Sokak ışıksızdı. Tenhaydı… Annem gecikme demişti. İstanbul burası. Haydi gittin, o kadar parayı niye… Evde tutsam ayrı dert. Annem uyur kalır, çalınır. Keşke taksiyle… Ama işte… Arkamdan geldi. Durup çantamı karıştırır gibi yaptım. Belli olmasın, korkum. Sandım ki geçer gider, oh deyip devam ederim hızlıca. Yaklaştı. Nefesi ensemde. Öldüm sandım. Bağırsam mı, ağlasam mı, kaçsam mı. Kalakaldım, o da öylece sıyırıp çantayı alıverdi. Allah’tan bir şey olmadı başka. Gerçi daha ne olacak. Annemin ameliyat parası gitti. Yok nerede bulacaklar, yüzünü bile görmedim. Çoluğu çocuğundan çıksın, haram zıkkım olsun!
2.
Sabahın körü yine de gittim, akrabadır dedim, iş istedim. Önce borcunu ver, it, dedi. Akraba ya işte! Hûri gitti gideli hasta çocuk, saçını yer yer kusar. Ana yok, para yok, doktor yok, ev sahibi attı atacak… Dedim olmayacak; Allah affetsin. Nasıl yapılır, haydi yaptın ya sonrası. Neyse ne. Geriye bir ölüm kalır. En tenha sokakta, bir gölge oldum.
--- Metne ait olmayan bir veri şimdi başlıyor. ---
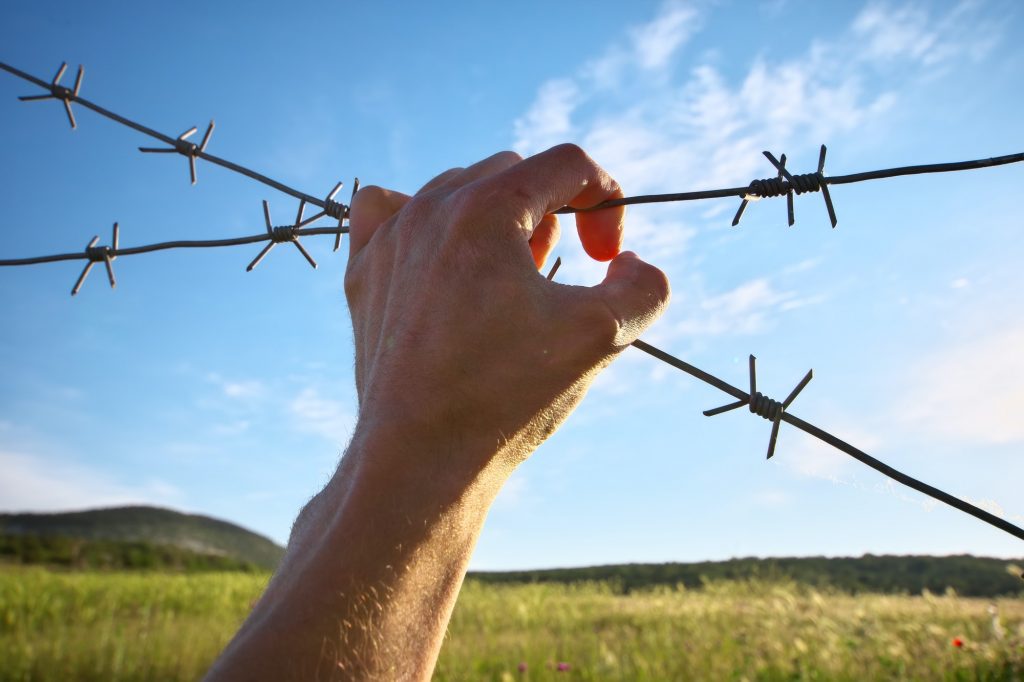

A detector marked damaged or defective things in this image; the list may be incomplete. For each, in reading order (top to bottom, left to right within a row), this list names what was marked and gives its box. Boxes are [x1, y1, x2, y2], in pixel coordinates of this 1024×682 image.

rusty wire [6, 61, 1024, 544]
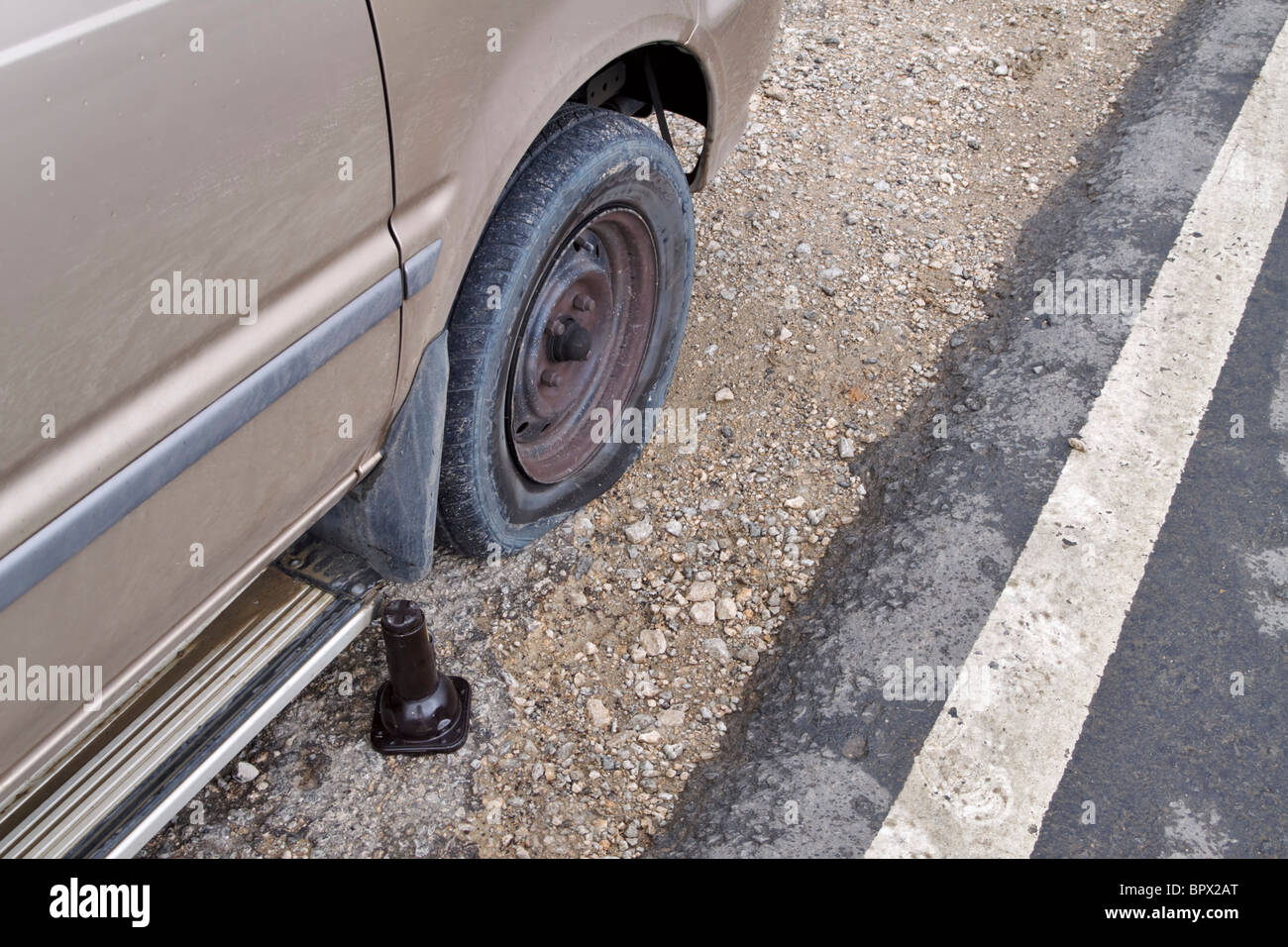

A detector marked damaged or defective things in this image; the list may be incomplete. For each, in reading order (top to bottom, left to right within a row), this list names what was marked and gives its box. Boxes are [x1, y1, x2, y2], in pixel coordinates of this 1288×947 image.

rusty wheel rim [507, 210, 659, 484]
Kadın cılızdı. Sanki korkudan öleceği geldi. Bağıramadı. Çantayı kolayca kaptım. Borcu ödedim. Hem kira hem erzak hem doktor çıktı. Çocuk tok uyur oldu.
3.
Kadın aceleci, tedirgin yürüyordu. Beni görünce büsbütün tuhaflaştı. “Hoşt! Defol!” Sesi boş sokakta yankılandı. Düşecek gibi oldu. Sanki benden bile zayıftı. Toktu, orası kesin. Benimse ısırmak aklımın ucundan geçmedi. Açtım. Isırıp ne yapayım. İnsan da yemem ya. Yavaşladım. Yanımdan geçip gitsin. Ne hali varsa görsün, tek beni buradan kovdurmasın. Bir adam geçti yanımdan. İzmaritini fırlattı yüzüme doğru. Sakındım, isabet etmedi. Bir tekme yerim derken baktım kadının arkasına yanaşıyor. Kadın durmuş bir şeyler yaparken çantasınapansız kaptı. Koşar adım gitti. Kadın tersi yöne kaçtı. Bir daha oraya gitmem. Ne kemik ne artık ne bir tas su buldum. Bir yandan da şu uyuz illeti… Epey gezinip durdum. Şimdi bir ev var. Kulübe gibi bir şey aslında. Bir çocuk yemeğimi veriyor. Ne dövmesi; sarılıyor, seviyor… Kaç gündür tokum. Hem onunla benziyoruz. Kafasındaki saçlar tıpkı benim tüylerim gibi.